Background
A large number of clinical studies based on spontaneous pregnancies (SP) have proved the superiority of non-invasive prenatal testing (NIPT), and whether this technology is suitable for the offspring of assisted reproductive technology (ART) has attracted people's attention.

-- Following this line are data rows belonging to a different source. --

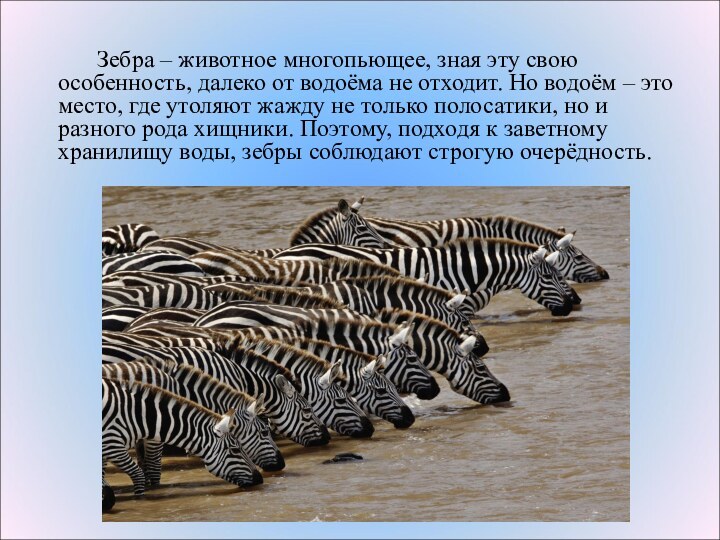 Зебра – животное многопьющее, зная эту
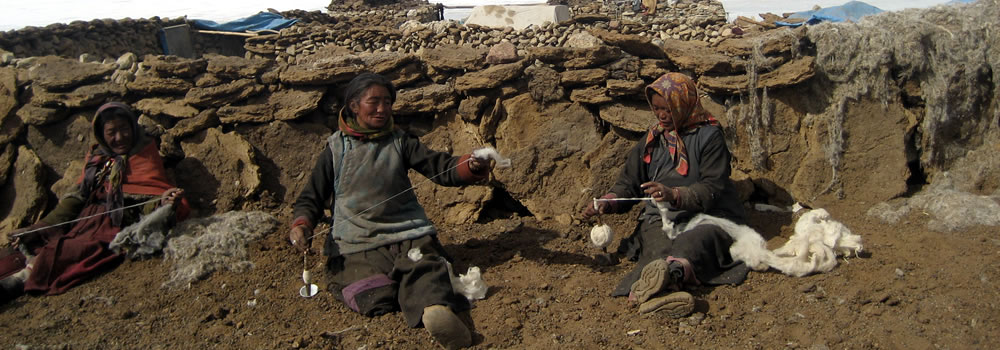 Homestay in ladakh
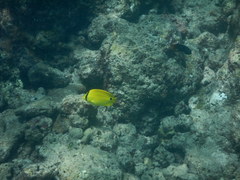 Chaetodon andamanensis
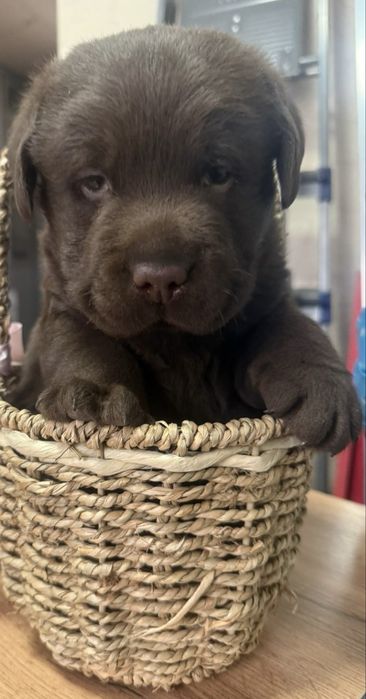 Продам щенка лабрадора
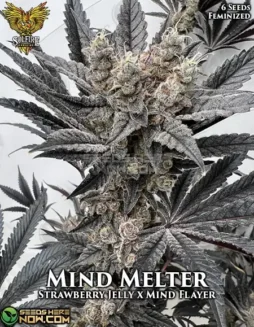 Mind Melter Feminized Seeds by Solfire Gardens featuring Strawberry Jelly x Mind Flayer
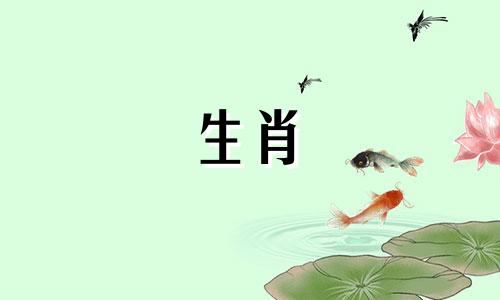 公鸡一生结过几次婚?四次婚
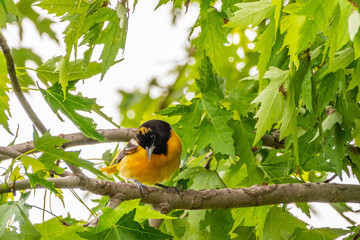 yellow bird on a branch
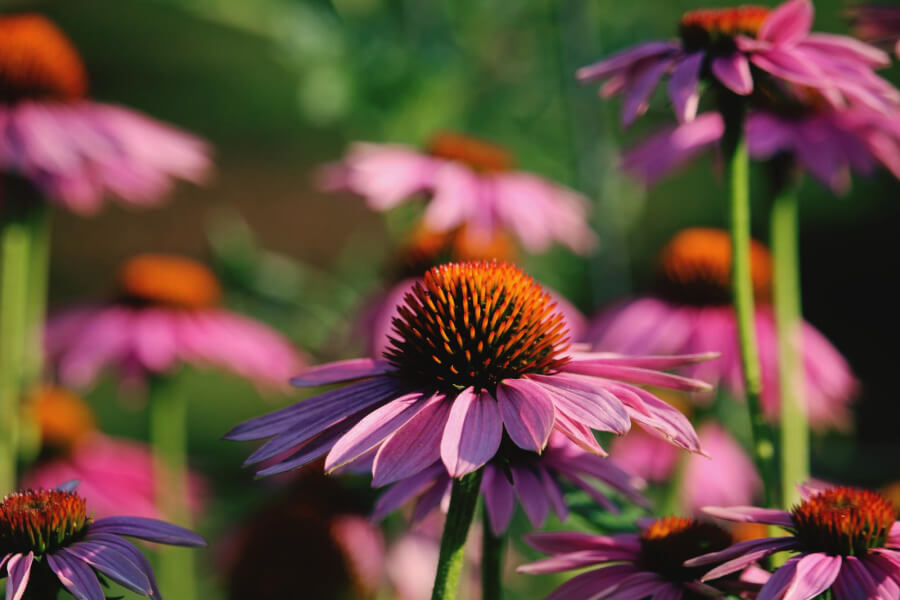 7 Benefits of Echinacea: Guide and Relevant Uses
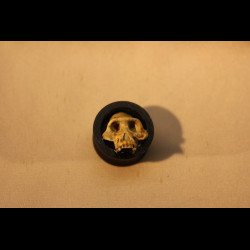 Plug Crâne d'australopithèque 12-80mm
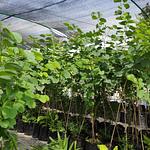 Árbol de las Orquídeas (Pata de Vaca)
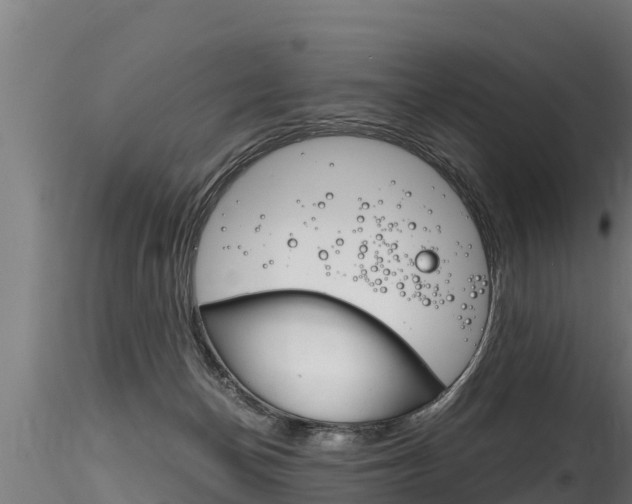 X0000116260174200911301001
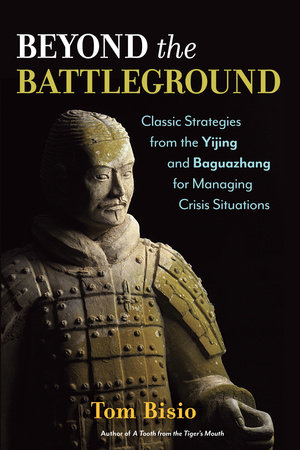 Beyond the Battleground by Tom Bisio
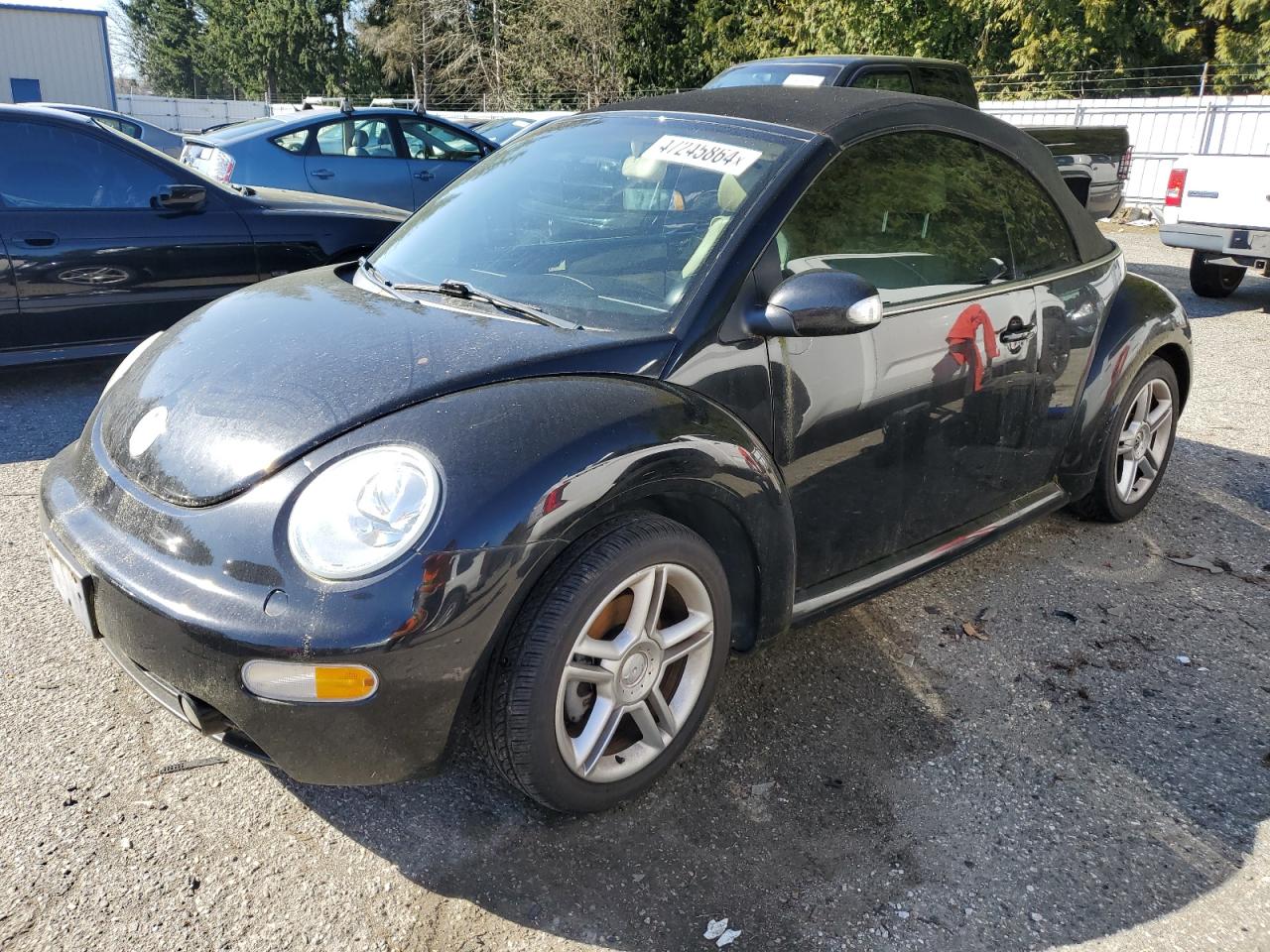 VOLKSWAGEN BEETLE 2005 3vwcd31y15m300591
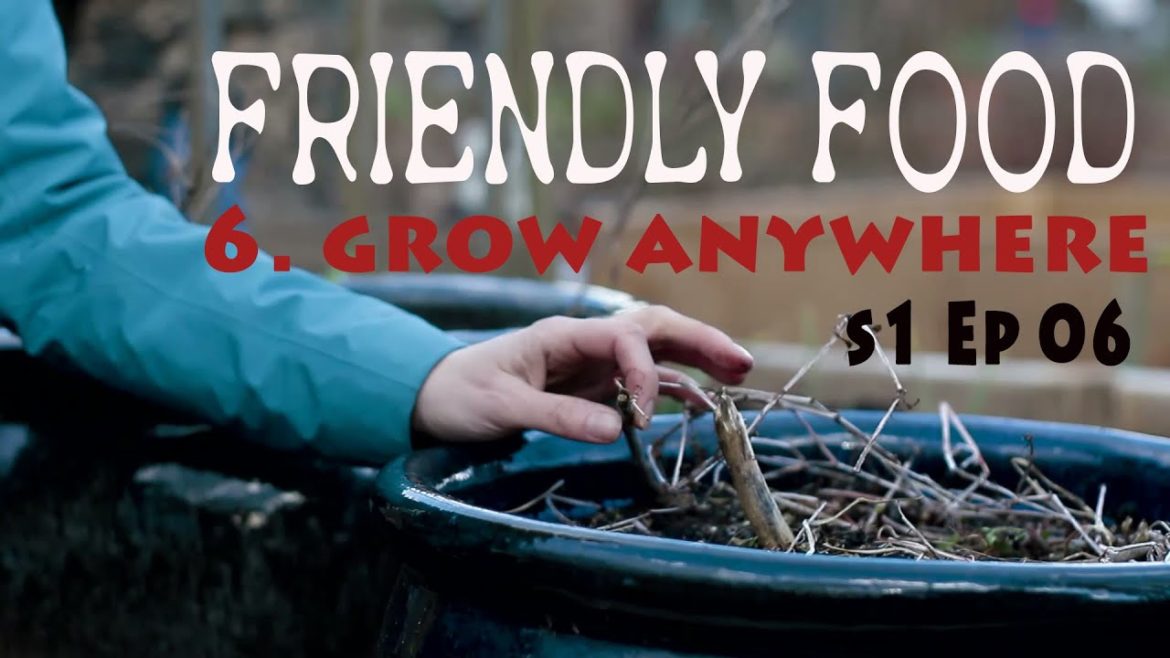 Friendly Food I S1 EP6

The aim of this study is to evaluate the application value of NIPT in screening for trisomy21(T21), trisomy18(T18), trisomy13(T13) and sex chromosome aneuploidy (SCA) in pregnant women underwent in vitro fertilization (IVF).
Results
A total of 804 cases (0.88% (804/91280), singleton = 795, twin = 9) of high-risk in the SP group, of the 558 cases (singleton = 556, twin = 2) that underwent invasive prenatal diagnosis (IPD), 343 cases (singleton = 342, twin = 1) were true positive, including 213 cases T21, 28 cases T18, 5 cases T13 and 97 cases (singleton = 96, twin = 1) SCA. The positive predictive value (PPV) of T21, T18, T13 and SCA in singleton pregnancies were 89.12% (213/239), 51.85% (28/54), 21.74% (5/23) and 40.00% (96/240), and the PPV of SCA in twin pregnancies was 100.00%. In the in vitro fertilization (IVF) group, IPD was underwent in 19 cases (singleton = 16, twin = 3) of the 27 cases (0.78% (27/3477), singleton = 16, twin = 3) high-risk, of which 9 cases (singleton = 8, twin = 1) were true positive, including 5 cases (singleton = 4, twin = 1) T21 and 4 cases of SCA. The PPV of singleton T21 and SCA was 66.67% (4/6) and 50.00% (4/8), and the PPV of twin T21 was 100.00% (1/1). There was no significant difference in sensitivity and specificity between the two groups. Based on follow-up, we found 1 case of T21 false negative results in SP group and no false negative case in IVF group. Additionally, the mean fetal fraction (FF) of IVF group was lower than that of SP group (11.23%vs.10.51%, p < 0.05).
Conclusion
NIPT has high sensitivity and specificity in screening chromosomal aneuploidies in both IVF pregnant women and spontaneous pregnancies pregnant women, so it is an ideal screening method for IVF pregnant women.